## YOUR INSTRUCTIONS
Without skipping or changing anything, print all the entries.

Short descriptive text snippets
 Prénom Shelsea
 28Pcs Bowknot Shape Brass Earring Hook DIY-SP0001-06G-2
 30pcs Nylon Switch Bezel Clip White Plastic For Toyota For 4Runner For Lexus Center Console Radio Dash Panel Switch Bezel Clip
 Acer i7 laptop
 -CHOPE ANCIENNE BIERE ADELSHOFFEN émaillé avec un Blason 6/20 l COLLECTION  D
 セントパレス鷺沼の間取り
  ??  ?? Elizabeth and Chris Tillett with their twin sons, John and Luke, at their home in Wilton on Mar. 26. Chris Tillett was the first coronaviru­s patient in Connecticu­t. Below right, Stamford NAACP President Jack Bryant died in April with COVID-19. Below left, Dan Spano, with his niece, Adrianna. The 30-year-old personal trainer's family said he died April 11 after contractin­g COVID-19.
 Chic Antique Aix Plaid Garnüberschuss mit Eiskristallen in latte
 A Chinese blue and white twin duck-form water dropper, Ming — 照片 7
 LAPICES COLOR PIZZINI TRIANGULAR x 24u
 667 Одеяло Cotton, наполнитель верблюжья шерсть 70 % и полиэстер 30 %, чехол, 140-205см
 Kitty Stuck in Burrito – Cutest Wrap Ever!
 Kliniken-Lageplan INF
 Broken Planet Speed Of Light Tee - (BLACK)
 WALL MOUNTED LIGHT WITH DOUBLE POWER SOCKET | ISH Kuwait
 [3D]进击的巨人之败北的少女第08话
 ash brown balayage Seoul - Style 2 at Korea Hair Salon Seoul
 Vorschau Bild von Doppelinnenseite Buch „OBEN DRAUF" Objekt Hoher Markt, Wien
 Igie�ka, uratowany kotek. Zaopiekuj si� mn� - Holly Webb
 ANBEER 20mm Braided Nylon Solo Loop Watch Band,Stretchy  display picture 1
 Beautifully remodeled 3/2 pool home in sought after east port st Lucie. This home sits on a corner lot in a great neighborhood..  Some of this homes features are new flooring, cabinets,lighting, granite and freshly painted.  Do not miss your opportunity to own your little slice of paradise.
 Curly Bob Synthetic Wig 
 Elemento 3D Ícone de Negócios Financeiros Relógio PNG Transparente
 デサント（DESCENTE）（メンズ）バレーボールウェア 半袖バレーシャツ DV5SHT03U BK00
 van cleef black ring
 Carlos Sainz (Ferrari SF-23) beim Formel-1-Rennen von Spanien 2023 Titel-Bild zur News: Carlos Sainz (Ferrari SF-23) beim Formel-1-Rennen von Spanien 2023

## ANSWER SECTION
 Prénom Shelsea
 28Pcs Bowknot Shape Brass Earring Hook DIY-SP0001-06G-2
 30pcs Nylon Switch Bezel Clip White Plastic For Toyota For 4Runner For Lexus Center Console Radio Dash Panel Switch Bezel Clip
 Acer i7 laptop
 -CHOPE ANCIENNE BIERE ADELSHOFFEN émaillé avec un Blason 6/20 l COLLECTION  D
 セントパレス鷺沼の間取り
  ??  ?? Elizabeth and Chris Tillett with their twin sons, John and Luke, at their home in Wilton on Mar. 26. Chris Tillett was the first coronaviru­s patient in Connecticu­t. Below right, Stamford NAACP President Jack Bryant died in April with COVID-19. Below left, Dan Spano, with his niece, Adrianna. The 30-year-old personal trainer's family said he died April 11 after contractin­g COVID-19.
 Chic Antique Aix Plaid Garnüberschuss mit Eiskristallen in latte
 A Chinese blue and white twin duck-form water dropper, Ming — 照片 7
 LAPICES COLOR PIZZINI TRIANGULAR x 24u
 667 Одеяло Cotton, наполнитель верблюжья шерсть 70 % и полиэстер 30 %, чехол, 140-205см
 Kitty Stuck in Burrito – Cutest Wrap Ever!
 Kliniken-Lageplan INF
 Broken Planet Speed Of Light Tee - (BLACK)
 WALL MOUNTED LIGHT WITH DOUBLE POWER SOCKET | ISH Kuwait
 [3D]进击的巨人之败北的少女第08话
 ash brown balayage Seoul - Style 2 at Korea Hair Salon Seoul
 Vorschau Bild von Doppelinnenseite Buch „OBEN DRAUF" Objekt Hoher Markt, Wien
 Igie�ka, uratowany kotek. Zaopiekuj si� mn� - Holly Webb
 ANBEER 20mm Braided Nylon Solo Loop Watch Band,Stretchy  display picture 1
 Beautifully remodeled 3/2 pool home in sought after east port st Lucie. This home sits on a corner lot in a great neighborhood..  Some of this homes features are new flooring, cabinets,lighting, granite and freshly painted.  Do not miss your opportunity to own your little slice of paradise.
 Curly Bob Synthetic Wig 
 Elemento 3D Ícone de Negócios Financeiros Relógio PNG Transparente
 デサント（DESCENTE）（メンズ）バレーボールウェア 半袖バレーシャツ DV5SHT03U BK00
 van cleef black ring
 Carlos Sainz (Ferrari SF-23) beim Formel-1-Rennen von Spanien 2023 Titel-Bild zur News: Carlos Sainz (Ferrari SF-23) beim Formel-1-Rennen von Spanien 2023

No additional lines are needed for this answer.